From kill chain defenses against advanced persistent threats to blocking phishing attempts, Cymulate now offers protection services Smeaton says will soon be “the bread and butter” for security teams in the future.

He credits Cursive Security for changing his outlook on penetration testing because its testing “literally swoops in and finds hole after hole,” while its reporting makes it easy to understand the vulnerabilities discovered. And as DataRobot moves forward, Smeaton’s also working with Vulcan on a proof of concept because the company prioritizes, remediates and automates vulnerabilities.

“The biggest evolution I’ve seen is on a board level,” he adds. “Fifteen years ago, when you spoke on the senior management level no one got it. Now it’s a part of the DNA, which has made my job easier over the years. I don’t have to convince the COO Dan Wright or our CEO Jeremy Achin; they realize it’s crucial.”

Stay nimble

Experience counts, but so does an open mind.

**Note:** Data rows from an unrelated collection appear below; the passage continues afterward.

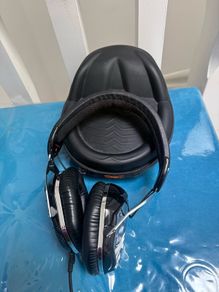 V-MODA Crossfade Wireless Over-ear Headphone - Phantom Chrome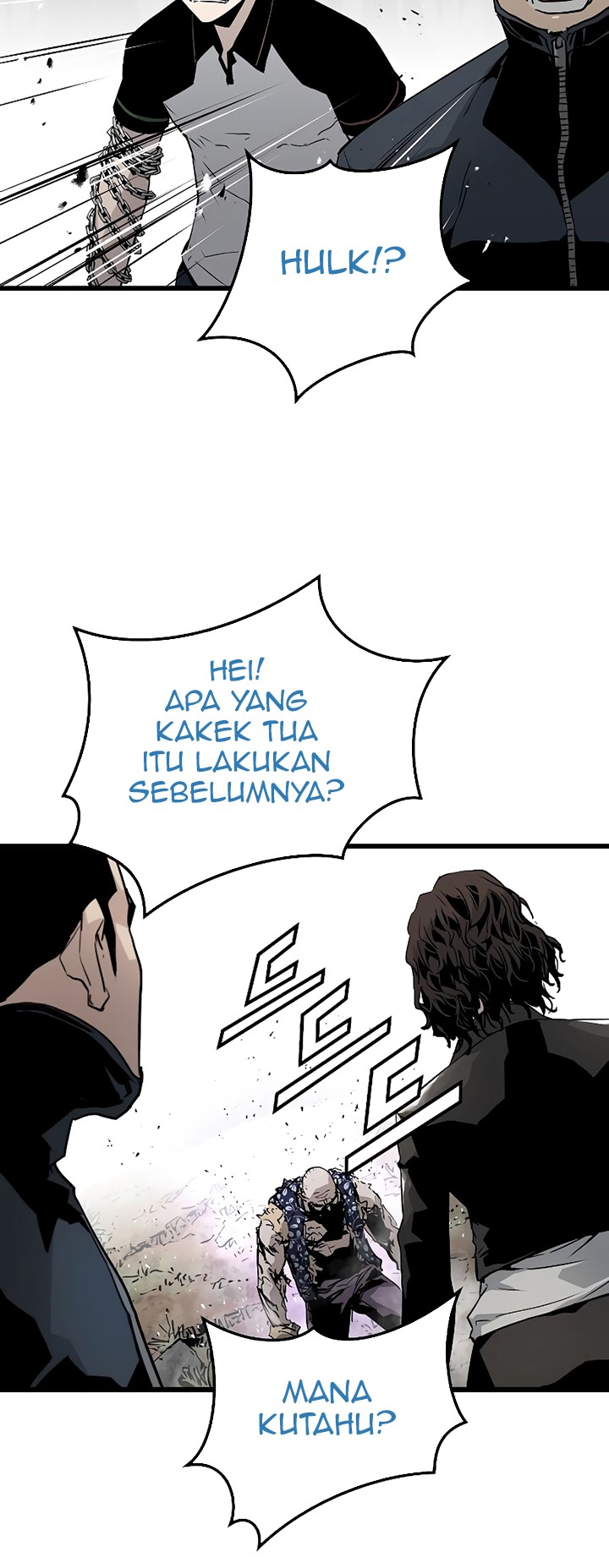 The Breaker: Eternal Force Chapter 37 - halaman 20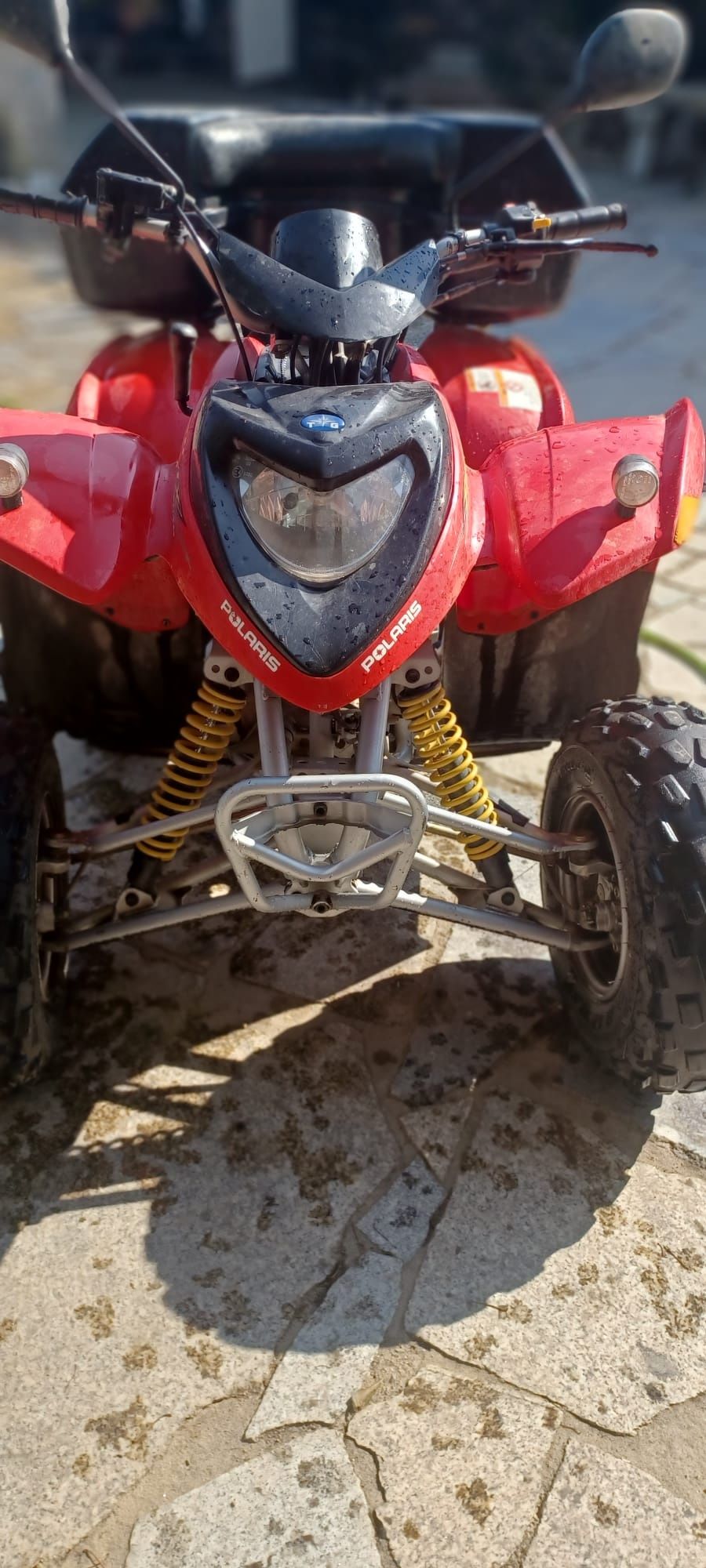 Polaris Phoenix 200 – Quadriciclo – Gasolina – 2005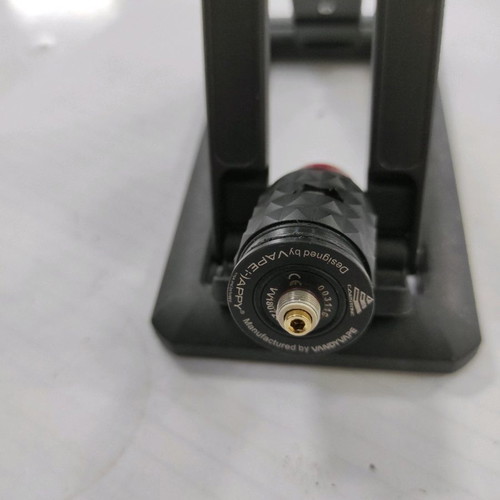 Vandy Vape Capstone RDA 24mm used, black matte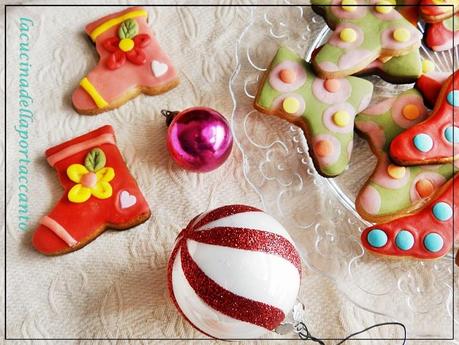 I biscottini della Befana /  The cookies of the Epiphany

“There’s all different types of CISOs,” Smeaton says. “It’s generational—the modern-day ones have to be super-aligned to business. It’s never a question of ‘no,’ it’s about how can we do this securely.”

A native of Liverpool, England, Smeaton has crossed its Mersey River more than once to enjoy an IT career that’s taken him from the British Home Office—which is responsible for immigration, security, and law and order—to Saudi Arabia and New England. Even in a pandemic world, his travels have not halted completely—Smeaton traveled to Ukraine to complete DataRobot’s ISO 27001 certification.

He earned a higher national diploma in computer science from Edinburgh Napier University in 2001 as well as a cybersecurity certification from Harvard University for managing risk in the information age. Smeaton is also studying for a Master of Science in Information Security from Liverpool John Moores University.

Yet, so much of what Smeaton has learned and imparts comes from his own practical experience and innate ability to assemble teams, he says.

For him, it’s about finding talent that’s unafraid to be bold in thought and actions, even if it means tearing down an existing structure and starting over.

“After you’ve done all the hard work in hiring and creating the right environment, the next step is exhilarating; it’s letting the horses run,” Smeaton says. “Every year I say to my team: it’s a blank piece of paper—think differently.”